Elle illustre les limites de tout processus normatif, dès lors que son « esprit » n'est pas partagé par tous : à peine édictées, les règles se heurtent immédiatement aux mutations engendrées par l'innovation, et se créent des stratégies de contournement qui en relativisent la portée, ce qui nécessite un processus d'adaptation continuelle. C'est pourquoi le renforcement des pouvoirs des superviseurs, et l'amélioration des mécanismes de transparence, paraissent nécessaires pour contrer les crises futures que l'ajustement technique des règles applicables ne suffirait probablement pas à prévenir.

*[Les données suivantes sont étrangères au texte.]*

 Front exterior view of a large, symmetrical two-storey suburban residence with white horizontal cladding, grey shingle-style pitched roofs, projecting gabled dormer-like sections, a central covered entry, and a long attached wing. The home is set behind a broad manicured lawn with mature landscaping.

La mondialisation financière rend également nécessaire d'élargir le champ de la régulation aux entités et territoires actuellement peu ou pas couverts (hedge funds, paradis fiscaux...). Cet aspect est prioritaire, dans la mesure où toute faille dans le champ d'application de la régulation peut la rendre inopérante . Les années récentes ont en effet témoigné qu'une régulation relativement forte, comme celle existant dans le secteur bancaire, n'avait pas empêché l'émergence progressive de risques majeurs. Les acteurs ont déplacé ces risques vers des structures où ils apparaissaient moins clairement (portefeuilles de négociation, hors-bilan des banques, entités faiblement régulées, paradis fiscaux...).
Or le risque économique global généré par le crédit hypothécaire subprime n'en était pas globalement amoindri , même s'il pouvait sembler l'être pour chaque acteur considéré individuellement. En bref, même si elle n'en constitue pas l'alpha et l'oméga, une supervision microfinancière systématique est indispensable à l'exercice d'une supervision macro-prudentielle efficace.
Dans cette perspective, une désegmentation de la régulation peut également paraître souhaitable , afin que l'ensemble des intervenants soient contrôlés simultanément, selon des règles, certes propres à chaque secteur, mais comportant des principes communs, ce qui rendrait possible une appréciation générale, à la fois internationale et transsectorielle, du niveau de risque dans l'économie .
Le processus Lamfalussy renforcé , tel que préconisé par le rapport de Larosière, est un pas dans cette direction mais est vu par certains comme trop timide. Il tend à donner un rôle directeur à la BCE , et paraît s'orienter vers une fusion des autorités de régulation bancaire, financière et assurancielle. Sa mise en oeuvre sera toutefois un processus lent, fondé sur des coordinations complexes et peu lisibles du grand public, sans suppression de structures existantes et sans incarnation forte du pouvoir de régulation , puisque plusieurs autorités seront en première ligne (Conseil ECOFIN, BCE, SEBC, Conseil européen du risque systémique, système européen de supervision financière...). La même observation pourrait être faite s'agissant de l'échelon mondial de la supervision, même si à ce niveau la complexité est plus facilement justifiable (G20, FMI, Conseil de stabilité financière, Banque Mondiale, Comité de Bâle...).
Donner des pouvoirs propres de réglementation et de sanction à une autorité internationale, qu'elle soit européenne ou mondiale, se heurte en réalité à des questions de légitimité qui, à ce stade, ne sont pas toujours posées . Or le renforcement de la régulation ne nécessite pas seulement la création de structures supplémentaires, l'affectation de moyens conséquents, et l'ajustement technique des normes. Ces mesures devraient s'accompagner d'une réflexion approfondie sur la légitimité et la responsabilité des autorités qui seront chargées de mettre en oeuvre la réforme de la régulation, du moins si l'on souhaite assurer l'efficacité de cette réforme pour prévenir et traiter de futures crises.